_Directions for this task_. Show the lines below where "bedroom" occurs.

_Information provided_.
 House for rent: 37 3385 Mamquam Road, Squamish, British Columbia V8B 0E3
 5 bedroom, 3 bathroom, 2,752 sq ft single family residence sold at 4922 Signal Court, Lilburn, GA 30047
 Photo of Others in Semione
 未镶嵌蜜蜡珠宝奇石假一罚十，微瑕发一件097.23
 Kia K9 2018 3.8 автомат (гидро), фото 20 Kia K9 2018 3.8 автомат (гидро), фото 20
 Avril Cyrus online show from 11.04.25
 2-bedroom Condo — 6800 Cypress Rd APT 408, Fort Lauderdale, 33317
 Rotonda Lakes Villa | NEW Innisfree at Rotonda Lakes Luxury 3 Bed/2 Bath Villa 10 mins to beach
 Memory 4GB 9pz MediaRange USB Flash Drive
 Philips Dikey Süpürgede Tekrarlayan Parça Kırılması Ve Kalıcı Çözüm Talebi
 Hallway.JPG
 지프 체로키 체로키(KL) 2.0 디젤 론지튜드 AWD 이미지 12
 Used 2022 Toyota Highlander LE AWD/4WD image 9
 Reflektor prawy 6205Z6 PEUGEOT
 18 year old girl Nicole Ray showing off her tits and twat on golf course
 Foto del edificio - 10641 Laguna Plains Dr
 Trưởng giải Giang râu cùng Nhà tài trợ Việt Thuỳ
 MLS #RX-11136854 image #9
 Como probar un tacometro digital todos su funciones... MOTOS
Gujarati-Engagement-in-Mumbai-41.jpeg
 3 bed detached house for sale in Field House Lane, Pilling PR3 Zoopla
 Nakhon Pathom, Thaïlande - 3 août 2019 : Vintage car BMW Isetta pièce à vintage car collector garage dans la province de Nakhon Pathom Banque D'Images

_Task output_.
 5 bedroom, 3 bathroom, 2,752 sq ft single family residence sold at 4922 Signal Court, Lilburn, GA 30047
 2-bedroom Condo — 6800 Cypress Rd APT 408, Fort Lauderdale, 33317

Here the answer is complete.